How To Align Your Manufacturing Sales & Marketing Teams In 5 Steps

SMarketing, sales and marketing alignment, is critical to your manufacturing organization’s success. Both teams are responsible for your company’s growth and success. Both can now be held accountable for their contributions to revenue, and the gap between the teams has closed. With sales and marketing working close together, it’s critical that they work well together.

But can you confidently say that you know exactly what is happening with the leads after they kick over to sales? Do you know how leads are getting to your site in the first place, or why they're there?

aligned_sales_and_marketing_communication.pngTest it out with the following questions.
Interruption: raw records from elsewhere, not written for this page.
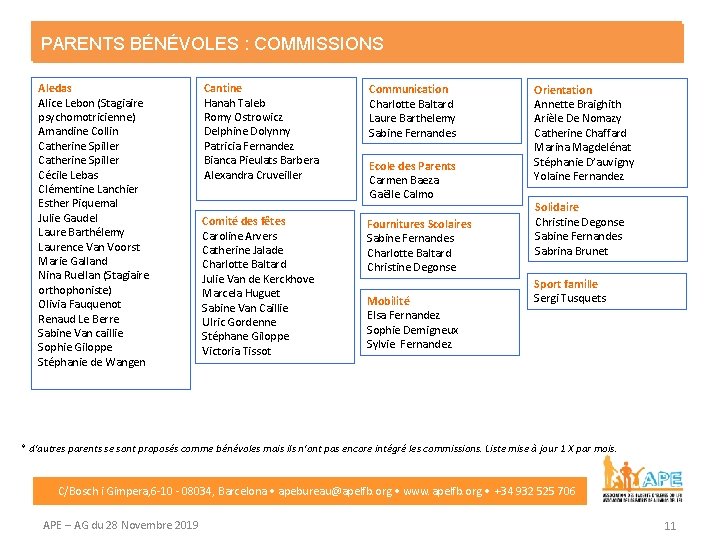 PARENTS BÉNÉVOLES : COMMISSIONS Aledas Alice Lebon (Stagiaire psychomotricienne) Amandine Collin Catherine Spiller Cécile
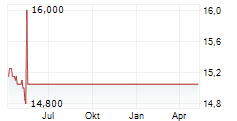 KATEK SE Chart 1 Jahr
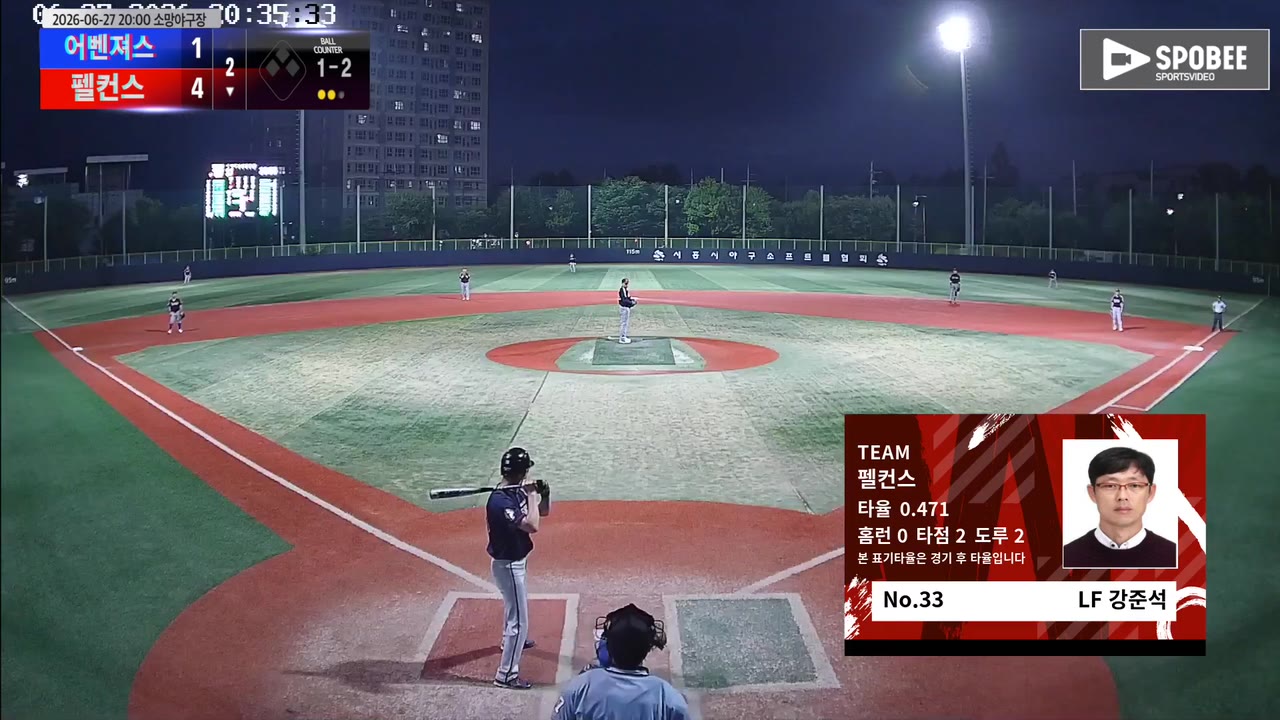 펠컨스 주요 플레이 모음 | vs 어벤져스 | 6/27 (소망야구장)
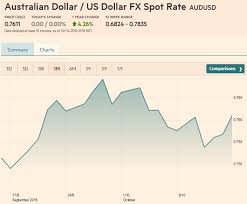 Aud Usd Fx Rate Chart October 15 2016 Snbchf Com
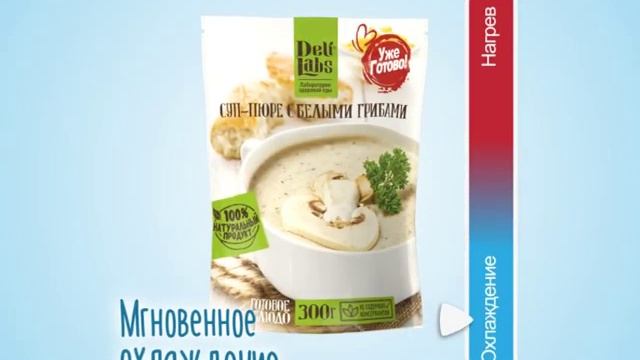 Еда с собой в поезд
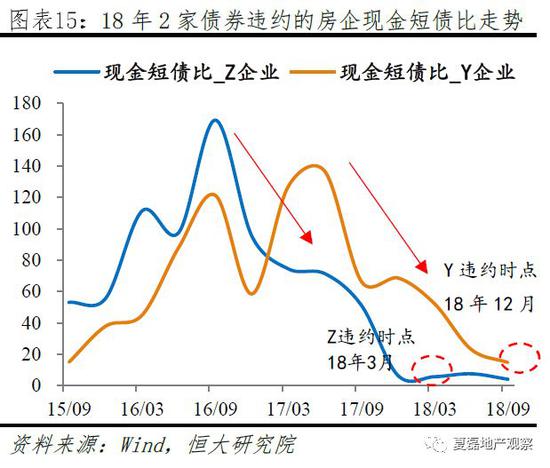 1.1.4  三类指标表现和房地产市场发展阶段的关系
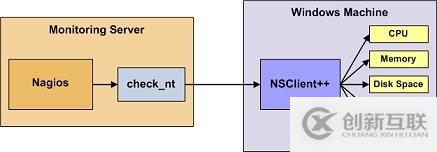 Nagios利用NSClient++監(jiān)控Windows主機(jī)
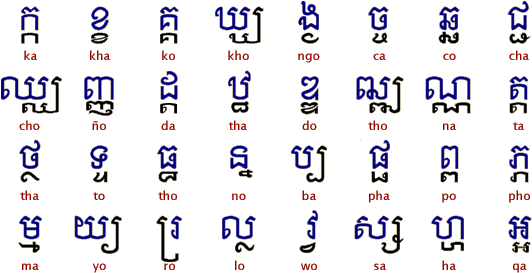 Khmer Fonts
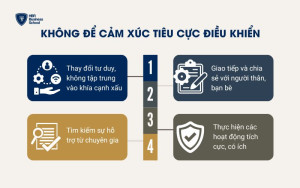 Không để cảm xúc tiêu cực điều khiển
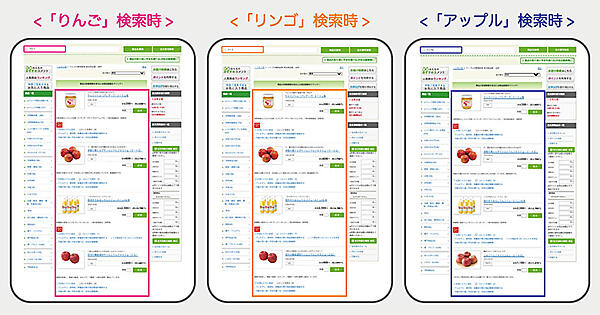 コープ北陸 eフレンズ ZETA SEARCH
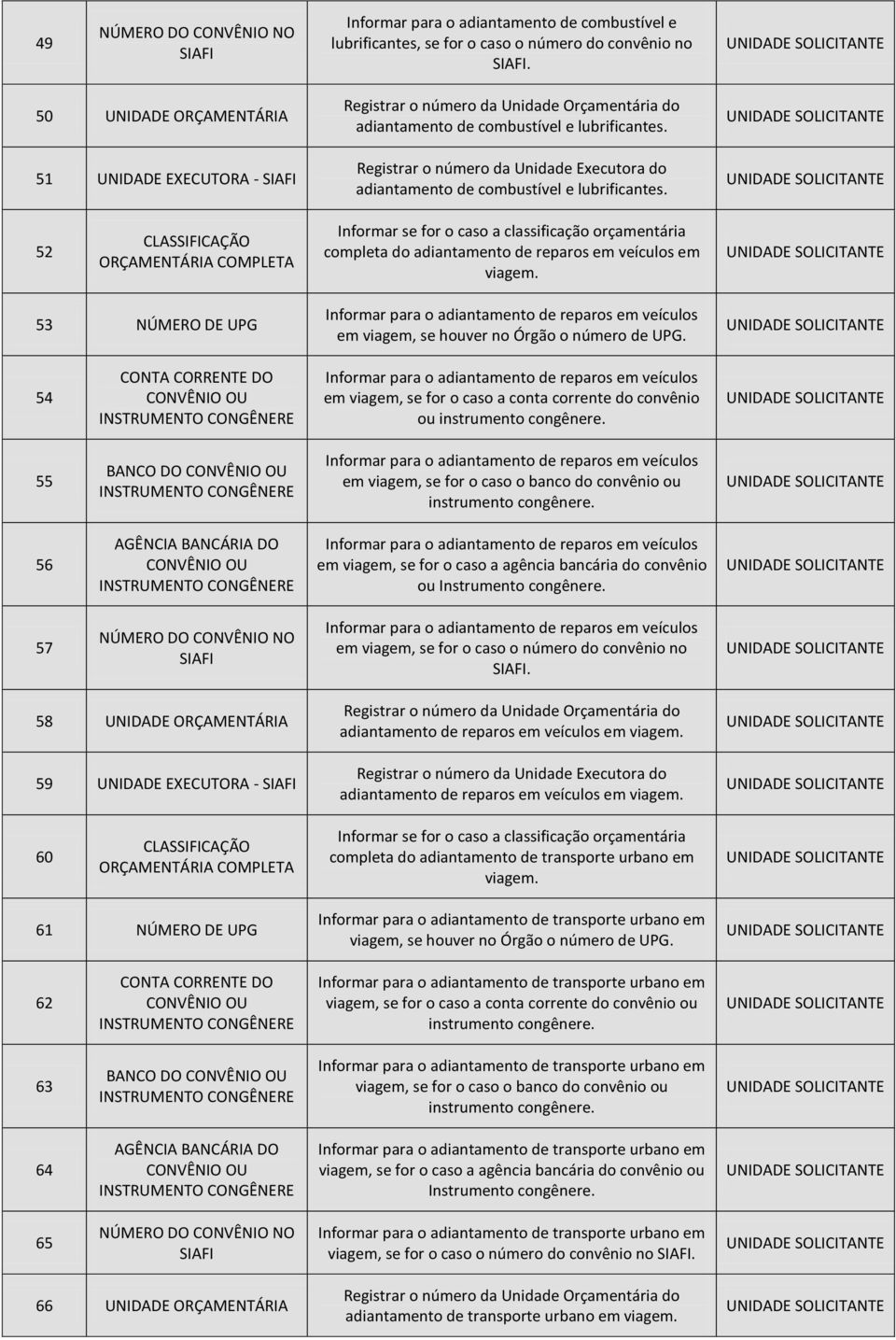 54 em viagem, se for o caso a conta corrente do convênio ou 55 BANCO DO em viagem, se for o caso o banco do convênio ou 56 em viagem, se for o caso a agência bancária do convênio ou Instrumento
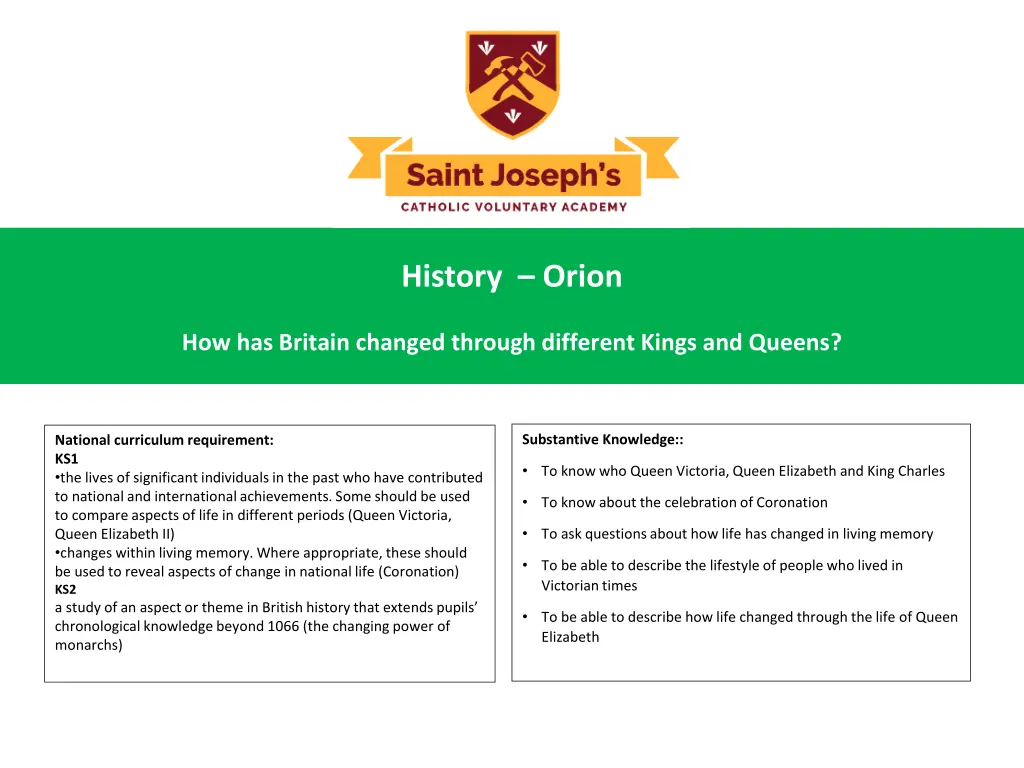 history orion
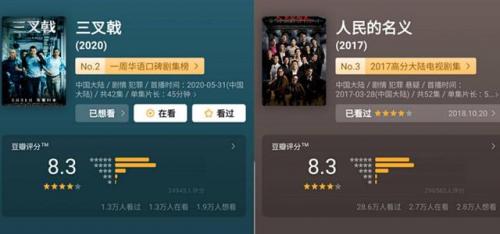 三叉戟演员表(三叉戟剧情介绍)插图7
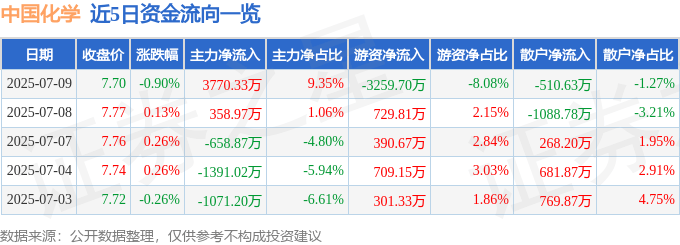 股票行情快报：中国化学（601117）7月9日主力资金净买入3770.33万元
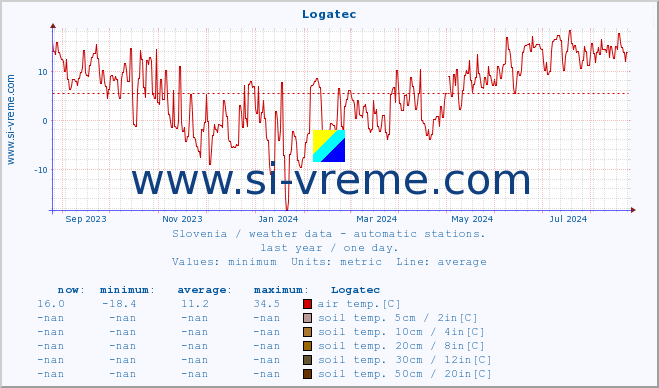  :: Logatec :: air temp. | humi- dity | wind dir. | wind speed | wind gusts | air pressure | precipi- tation | sun strength | soil temp. 5cm / 2in | soil temp. 10cm / 4in | soil temp. 20cm / 8in | soil temp. 30cm / 12in | soil temp. 50cm / 20in :: last year / one day.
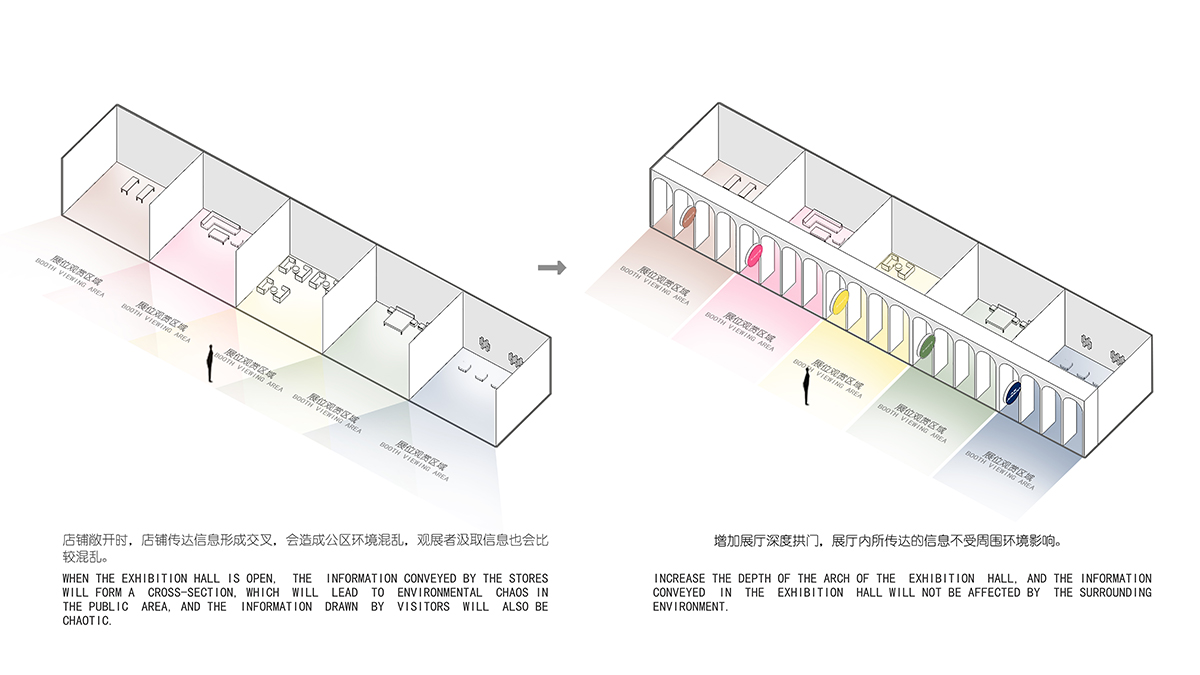 TOWOdesign completes exhibition space composed of different combinations of furnitures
Do all of your team members, from both marketing and sales teams, know the answers to them?

  • Do both your marketing and sales teams know what types of collateral a high value lead is consuming? Are they consuming eBooks, Whitepapers, Lists, Infographics, Webinars? Which ones?
  • What questions on forms are good barometers for your company’s leads?
  • Do both sales and marketing teams know the expectations for lead follow-up by sales?
  • What are the top reasons a lead does not close? Can both your sales and marketing team list the top 3 reasons?

Chances are high that either your marketing team or your sales team know the answers to these questions. Very rarely are both teams on the same page.

So, this stat probably comes as no surprise to you: 87% of the terms sales and marketing use to describe each other are negative. But it doesn’t have to be that way. That’s why these teams have to work together within their own organization. Sales and marketing must collaborate.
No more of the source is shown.